◆ **WHAT YOU HAVE TO DO**:
Only an exact copy of the records below will serve as the answer.

EXERCISE MATERIAL Block Start

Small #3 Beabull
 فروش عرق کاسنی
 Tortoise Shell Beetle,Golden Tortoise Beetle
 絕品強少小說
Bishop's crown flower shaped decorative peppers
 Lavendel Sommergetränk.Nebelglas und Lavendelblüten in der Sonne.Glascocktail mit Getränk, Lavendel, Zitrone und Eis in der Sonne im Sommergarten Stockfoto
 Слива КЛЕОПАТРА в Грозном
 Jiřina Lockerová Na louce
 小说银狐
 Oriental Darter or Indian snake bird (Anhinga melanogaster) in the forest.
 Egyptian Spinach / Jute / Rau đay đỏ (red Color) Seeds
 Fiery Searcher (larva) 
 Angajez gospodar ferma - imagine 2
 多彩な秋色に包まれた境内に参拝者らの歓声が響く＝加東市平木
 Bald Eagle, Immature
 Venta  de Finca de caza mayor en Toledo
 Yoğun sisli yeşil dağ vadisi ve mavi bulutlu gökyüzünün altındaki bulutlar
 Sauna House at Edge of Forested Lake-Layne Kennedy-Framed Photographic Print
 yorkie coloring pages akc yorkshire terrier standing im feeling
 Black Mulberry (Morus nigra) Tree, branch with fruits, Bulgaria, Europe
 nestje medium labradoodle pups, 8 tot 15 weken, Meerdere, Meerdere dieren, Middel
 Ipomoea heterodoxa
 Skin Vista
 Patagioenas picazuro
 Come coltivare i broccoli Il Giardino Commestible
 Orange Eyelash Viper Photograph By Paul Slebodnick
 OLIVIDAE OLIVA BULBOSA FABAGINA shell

EXERCISE MATERIAL Block End

◆ **SOLUTION TO THE PROBLEM**:
Small #3 Beabull
 فروش عرق کاسنی
 Tortoise Shell Beetle,Golden Tortoise Beetle
 絕品強少小說
Bishop's crown flower shaped decorative peppers
 Lavendel Sommergetränk.Nebelglas und Lavendelblüten in der Sonne.Glascocktail mit Getränk, Lavendel, Zitrone und Eis in der Sonne im Sommergarten Stockfoto
 Слива КЛЕОПАТРА в Грозном
 Jiřina Lockerová Na louce
 小说银狐
 Oriental Darter or Indian snake bird (Anhinga melanogaster) in the forest.
 Egyptian Spinach / Jute / Rau đay đỏ (red Color) Seeds
 Fiery Searcher (larva) 
 Angajez gospodar ferma - imagine 2
 多彩な秋色に包まれた境内に参拝者らの歓声が響く＝加東市平木
 Bald Eagle, Immature
 Venta  de Finca de caza mayor en Toledo
 Yoğun sisli yeşil dağ vadisi ve mavi bulutlu gökyüzünün altındaki bulutlar
 Sauna House at Edge of Forested Lake-Layne Kennedy-Framed Photographic Print
 yorkie coloring pages akc yorkshire terrier standing im feeling
 Black Mulberry (Morus nigra) Tree, branch with fruits, Bulgaria, Europe
 nestje medium labradoodle pups, 8 tot 15 weken, Meerdere, Meerdere dieren, Middel
 Ipomoea heterodoxa
 Skin Vista
 Patagioenas picazuro
 Come coltivare i broccoli Il Giardino Commestible
 Orange Eyelash Viper Photograph By Paul Slebodnick
 OLIVIDAE OLIVA BULBOSA FABAGINA shell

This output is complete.